Packaged nearly identically to the Rose Stone, the Magicstick is smaller in both size and capacity. There is a button/LED at one of the ends to check the charge levels, with three color coded responses. Red for under 25%, green for between 25% and 75%, and blue for 75% to max. The slick Magicstick charged itself from the same port and cord as the Rose Stone in about 5 hours. The same test was preformed with my phone, and from a dry battery, the Magicstick was able to charge my phone in about the same time: 182 minutes, as apposed to the 202 minutes the Rose Stone managed to charge the same phone in. The Magicstick retails for $49.99.
StrongVolt Solar 7
With the sister battery packs done, we have one last order of business to attend to. This alternative energy solution doesn’t need to be charged.

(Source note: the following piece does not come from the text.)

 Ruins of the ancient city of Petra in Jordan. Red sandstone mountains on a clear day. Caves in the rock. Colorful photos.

It’s the Strong Volt Solar 7 charger, and boy is it neat to use. It’s small, compact, and actually functions! According to technical specifications, the charger is 17% efficient, so keep that in mind with it’s 1000mA, 7 watt output. This solar charger folds up into itself for easy carry, and has a build in cord with a USB out port on it. Simply attach your device’s charge cord, place it in the sun, and you’re good to go. When I first got my hands on this thing, I though that it looked a bit flimsy, and that it wouldn’t be able to charge a phone. I was wrong. In the same situation as the previous two tests: Dry Galaxy SII battery, and a pleasant, cloudless Floridian day, the Strong Volt Solar 7 did legitimately pull it’s weight. Over the course of one 20 minutes lunch outside, it managed to charge my phone 10%. That’s not too shabby for something that didn’t need me to find an outlet, and sit next to it. Another boon to this device it that it has securement points for easy attachment to a backpack during a hike. Provided you are in the sun, you can charge on the go. It will even, with limited success, work on an overcast day. I mean, the little 7 watt charger will take a much longer time to charge, but I was able to weasel out 2% of a charge on my phone during the same lunch period. The 7 volt model retails for about $55.

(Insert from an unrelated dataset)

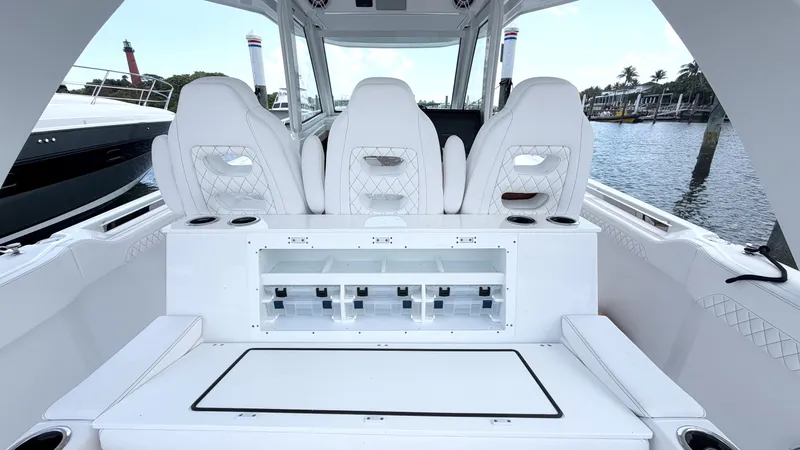 Slide: The Image of Intrepid 35 VALOR 2026: Luxurious interior with white seating and a view of the water. - 8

So there you go. 3 easy solutions to a device dying prematurely on you. Two you have to precharge, but will charge your phone quickly, while the third needs no outlet, but will charge your phone at a slower pace than the other devices (it also doesn’t work at night).

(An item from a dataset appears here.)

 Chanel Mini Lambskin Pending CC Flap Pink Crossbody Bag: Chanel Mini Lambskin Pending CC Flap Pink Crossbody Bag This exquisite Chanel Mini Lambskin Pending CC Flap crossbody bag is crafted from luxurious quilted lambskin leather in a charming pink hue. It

Here’s a bit of interesting news. In the last couple of days, I repeated the tests with my Nexus 7 (2013) and discovered that the Rose Stone 6000 can, and absolutely will charge the 3950mAh battery. The smaller MagicStick will put a dent in it, but it wont charge it fully. As for the solar charger, the charge time is a bit slower, about 4% per 20 minutes, (I tried my best to keep the time of day and angle of the sun constant).